Name: west-texas-data-diary
Owner: Mother Jones
Description: A data diary for our project on why we can't predict the next West, TX explosion
Created: 2014-05-30 17:47:35.0
Updated: 2016-09-21 22:34:25.0
Pushed: 2014-05-30 18:43:47.0
Homepage: null
Size: 1564
Language: JavaScript
GitHub Committers
User | Most Recent Commit | # Commits |
---|
Other Committers
User | Most Recent Commit | # Commits |
---|
A data diary for our project on why we can't predict the next West, TX explosion
In the wake of the April 17, 2013 explosion at a fertilizer plant in the town of West, Texas, we wanted to find where else plants posed a chemical risk to their surrounding communities. Read the published story here, which talks about the project methodology.
This data diary (inspired by Dan Nguyen) walks through the steps of preparing the EPA's Risk Management Plan data for mapping.
This guide will cover how to read a dataset about US chemical facilities that report to the EPA every five years, add geographical data, and run some basic analyses on it that will help you think about visualization.
Here's what you'll need for this exercise:
The Environmental Protection Agency monitors about 12,000 chemical facilities under its Risk Management Plan. RMP facilities file a report with the EPA every 5 years. While you can look up individual RMP facilities, the entire dataset is only available through a public records request. The Center for Effective Government's Right-to-Know Network files a FOIA request each year in May and stores the data in its own database. The data here is up to date as of May 2013. Some facilities in this dataset may have been de-registered since the data was obtained.

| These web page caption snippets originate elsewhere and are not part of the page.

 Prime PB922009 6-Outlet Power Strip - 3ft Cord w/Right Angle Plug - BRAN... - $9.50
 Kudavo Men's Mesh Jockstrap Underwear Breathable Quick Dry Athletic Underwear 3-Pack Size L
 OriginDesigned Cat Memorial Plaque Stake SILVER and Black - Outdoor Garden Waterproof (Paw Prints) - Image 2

Here's some data about the data:
The EPA's description of the RMP data:
Risk Management Program
Requirements There are three levels of regulation under the Risk Management Program. Program 1 is for firms that have relatively safe processes and low risk. Programs 2 and 3 are more highly regulated than Program 1. These Programs are meant for firms that have a higher risk of affecting the public in case of a chemical spill. All facilities that are listed under the Risk Management Program must complete a hazard assessment (consisting of an off-site consequence analysis and five-year accident history), implement an emergency response program, and submit a Risk Management Plan (RMP) to EPA. Most firms must also create a detailed accident prevention program that will help to prevent the accidental release of hazardous chemicals.

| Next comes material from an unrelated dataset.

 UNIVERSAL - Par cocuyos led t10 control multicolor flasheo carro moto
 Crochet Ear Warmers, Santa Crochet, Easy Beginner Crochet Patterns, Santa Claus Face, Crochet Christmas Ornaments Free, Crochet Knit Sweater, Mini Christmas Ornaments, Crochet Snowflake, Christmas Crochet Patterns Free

Four Sections of the Risk Management Program
Offsite Consequence Analysis In this section of the program, firms outline their worse-case and alternative accident release scenarios. The worse-case scenario is an unlikely scenario that describes the potential consequences of the release of the largest single vessel containing a regulated substance that produces the greatest offsite endpoint distance. The alternative scenario describes a more likely scenario for a release that could affect the public.
Five-Year Accident History A facility?s five year accident history describes all those accidents that have caused deaths, injuries, evacuations, sheltering-in-place, significant on-site or off-site property damage, or environmental damage significant on-site or off-site damage. As these criteria generally are associated with only the most serious accidents, many firms have accidental releases that are not reportable under the Risk Management Program. Only the most serious accidents are reported.
Prevention Program The RMP prevention program requirements are similar to the requirements of the Occupational Safety and Health Administration Process Safety Management (PSM) standard program. Most RMP facilities must conduct operator training, implement written operating procedures, maintain equipment, and take other accident prevention measures.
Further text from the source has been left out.